Edward O. Wilson's "Letters to a Young Scientist" arrived in the mail this week. Finding myself with a free minute, I picked it up and began reading it, and found myself immersed.
We learn a great many things about Wilson himself in this book: that as a teenager he wrestled and caught venomous snakes with his bare hands, that his great-great grandfather was a horse thief, that he first learned calculus as a 32-year-old tenured professor at Harvard.
A deliberate play on Rainer Maria Rilke's "Letters to a Young Poet" -- he compares poetry and science more than once -- this is teeming with advice for a young researcher, ranging from how theories are made and how to choose your field of research to how to build a butterfly net.
It's a book about finding your passion for science and following it faithfully. About finding a discipline that you can call your own -- preferably one that is sparsely inhabited, he says. "Be prepared mentally for some amount of chaos and failure," he writes. "Daydream a lot."
Mathematical skill is not essential, and neither is a genius IQ, he says. Of more importance is creativity, deep thinking, confidence, commitment and allegiance to the small, informal experiments.
He sums up elements of the book in this TED talk:
An excerpt from that speech:
"I found out that in science and all its applications, what is crucial is not that technical ability but it is imagination in all of its applications. The ability to form concepts with images of entities and processes pictured by intuition.
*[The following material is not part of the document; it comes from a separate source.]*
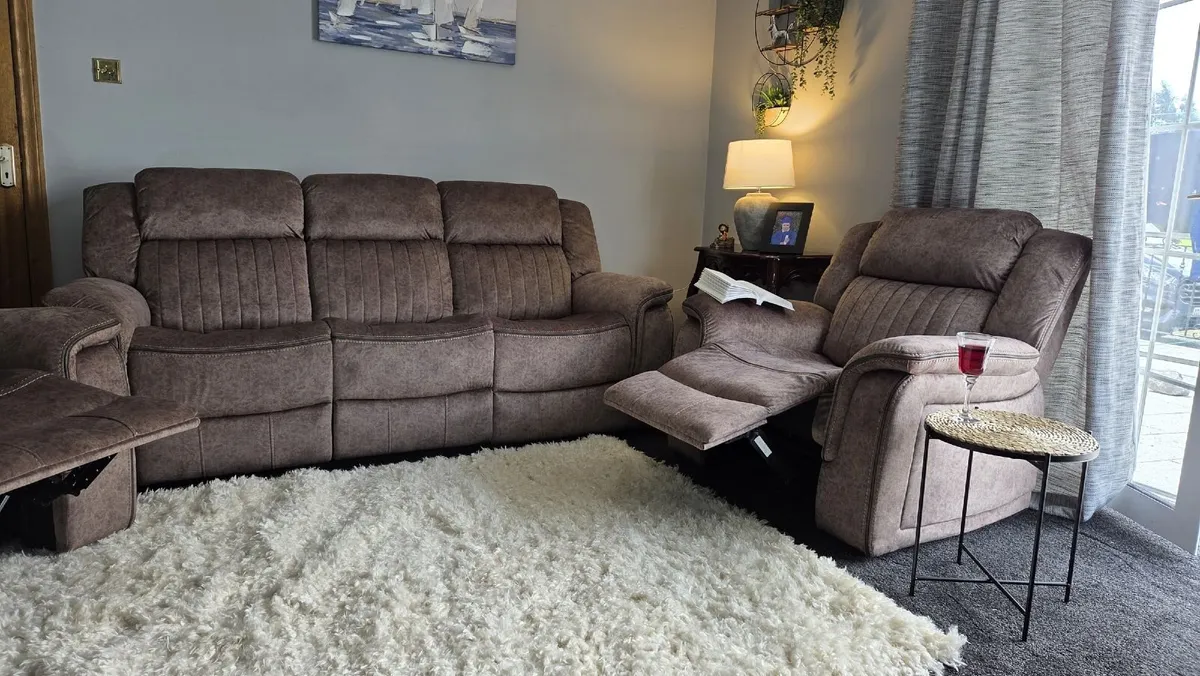 Cana Reclining Sofa Suite - Image 4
I found out that advances in science rarely come upstream from the ability to stand at a blackboard and conjure images from unfolding mathematical proposition and equations. They are instead the product of downstream imagination leading to hard work, during which mathematical reasoning may or may not prove to be relevant. Ideas emerge when a part of the real or imagined world is studied for its own sake. Of foremost importance is a thorough, well organized knowledge of all that is known of the relevant entities and processes that might be involved in that domain you propose to enter."
QUICK BITES
Strange reaction after learning that the person behind a popular science site on Facebook is a woman.
From AsapSCIENCE: Can the snooze button do more damage than good? A look at what it does to the body's chemical processes.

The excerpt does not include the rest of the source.